JAKARTA - Novel Baswedan menyebut Ketua Komisi Pemberantasan Korupsi (KPK) Firli Bahuri tidak menindaklanjuti perintah Presiden Joko Widodo (Jokowi) terkait polemik Asesmen Tes Wawasan Kebangsaan (TWK) hingga penonaktifan 75 pegawai KPK yang dianggap tak lolos.

Hal ini dianggapnya bermasalah dan Firli disebutnya telah memberikan contoh yang buruk karena tak menaati perintah Presiden Jokowi.

"SK tersebut sudah beberapa hari pidyato dan arahan presiden tidak diapa-apakan. Artinya, SK yang sebenarnya secara formal bermasalah dan secara substansi bermasalah juga karena Pak Firli Bahuri sebagai pimpinan yang menandatangani SK tersebut tidak berbuat apa-apa," kata Novel kepada wartawan di kantor Komnas HAM, Jalan Latuharhary, Jakarta Pusat, Senin, 24 Mei.

"Pola semacam ini sifatnya salah dan kemudian sudah ada arahan Bapak presiden masih tidak mau juga ditaati. Saya khawatir ini menjadi contoh yang buruk dan bagaimana bisa diharapkan hal-hal lainnya," imbuhnya.

Penyidik senior ini juga mengatakan permasalahan polemik ini bisa diselesaikan sendiri oleh KPK. Sebab, keputusan terkait nasib puluhan pegawai berada di tangan Firli bukan di lembaga lain.

"Jadi ya masalahnya bukan masalah rumit.

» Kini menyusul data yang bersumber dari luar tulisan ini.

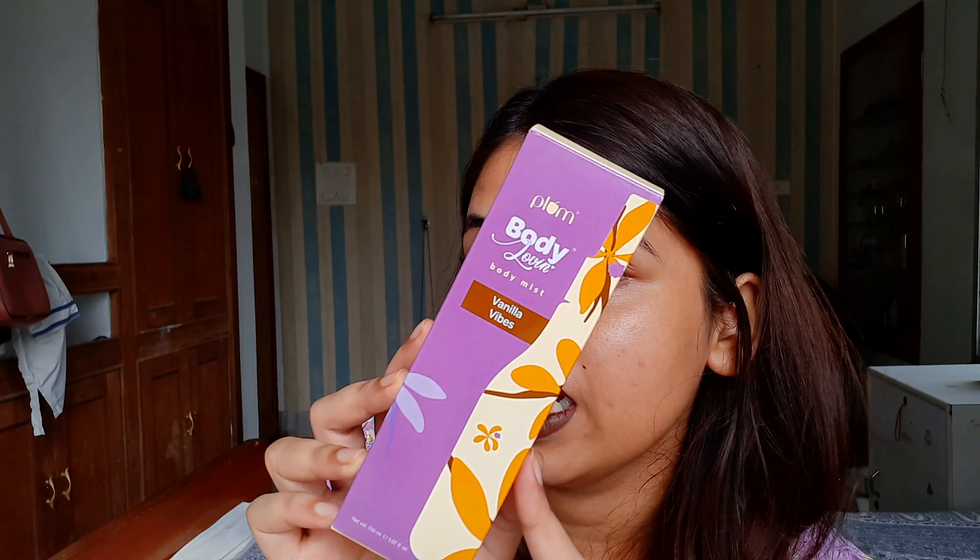It is priced at just ₹790, which is really affordable for a niacinamide serum, and you get 30 ml of product. The consistency and texture are absolutely amazing. When you apply it on your skin it feels so nice and lightweight, and I really like that — I don't like it when my skincare feels like I have a whole layer on my face. Skincare needs to be light and free, and this is exactly that.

Saya yakin ini bukan juga kepentingannya dari BKN, KemenPANRB, atau apapun. Tapi kepentingannya adalah, ketika ada UU yang meminta adanya peralihan menjadi ASN dan kemudian ditindaklanjuti dengan adanya PP yang semua itu tidak mensyaratkan adanya tes atau apa pun," jelasnya.

Dia dan puluhan pegawai yang tak lolos menduga Firli memiliki kepentingan khusus dengan diadakannya TWK. Tak hanya itu, eks Deputi Penindakan KPK ini diduga memaksakan kehendak hingga menyelundupkan norma dan aturan komisi.

Hal inilah yang lantas membuat puluhan pegawai melawan dan melaporkan ke tindakan Firli kepada sejumlah lembaga, termasuk Komnas HAM. "Kami sudah laporkan ke banyak tempat dan saya katakan sekali lagi masalahnya itu bukan di lembaga mana-mana. Tapi ada di KPK, yaitu di Pak Firli Bahuri sendiri," tegasnya.

Diberitakan sebelumnya, Tes Wawasan Kebangsaan (TWK) diikuti 1.351 pegawai KPK. Dari jumlah tersebut, 1.274 orang dinyatakan memenuhi syarat.

Sementara 75 pegawai termasuk Novel Baswedan, Ketua Wadah Pegawai KPK yang juga penyidik Yudi Purnomo, Direktur Sosialisasi dan Kampanye Anti-Korupsi KPK Giri Suprapdiono, Kasatgas KPK Harun Al-Rasyid, dan Direktur PJKAKI Sujarnarko dinyatakan tak memenuhi syarat (TMS). Sedangkan dua pegawai lainnya tak hadir dalam tes wawancara.

Publik kemudian berpolemik hingga akhirnya Presiden Joko Widodo (Jokowi) menanggapinya. Eks Gubernur DKI Jakarta itu menyatakan KPK harus memiliki SDM terbaik dan berkomitmen tinggi dalam upaya pemberantasan korupsi.

Untuk itu, pengalihan status pegawai KPK menjadi aparatur sipil negara (ASN) harus menjadi bagian dari upaya untuk pemberantasan korupsi yang lebih sistematis. 

Menurut Jokowi, hasil Tes Wawasan Kebangsaan (TWK) terhadap pegawai KPK hendaknya menjadi masukan untuk perbaikan lembaga antikorupsi baik secara individu, maupun secara kelembagaan.

Dia menekankan hasil asesmen TWK tidak menjadi dasar untuk memberhentikan 75 pegawai yang dinyatakan tidak memenuhi syarat.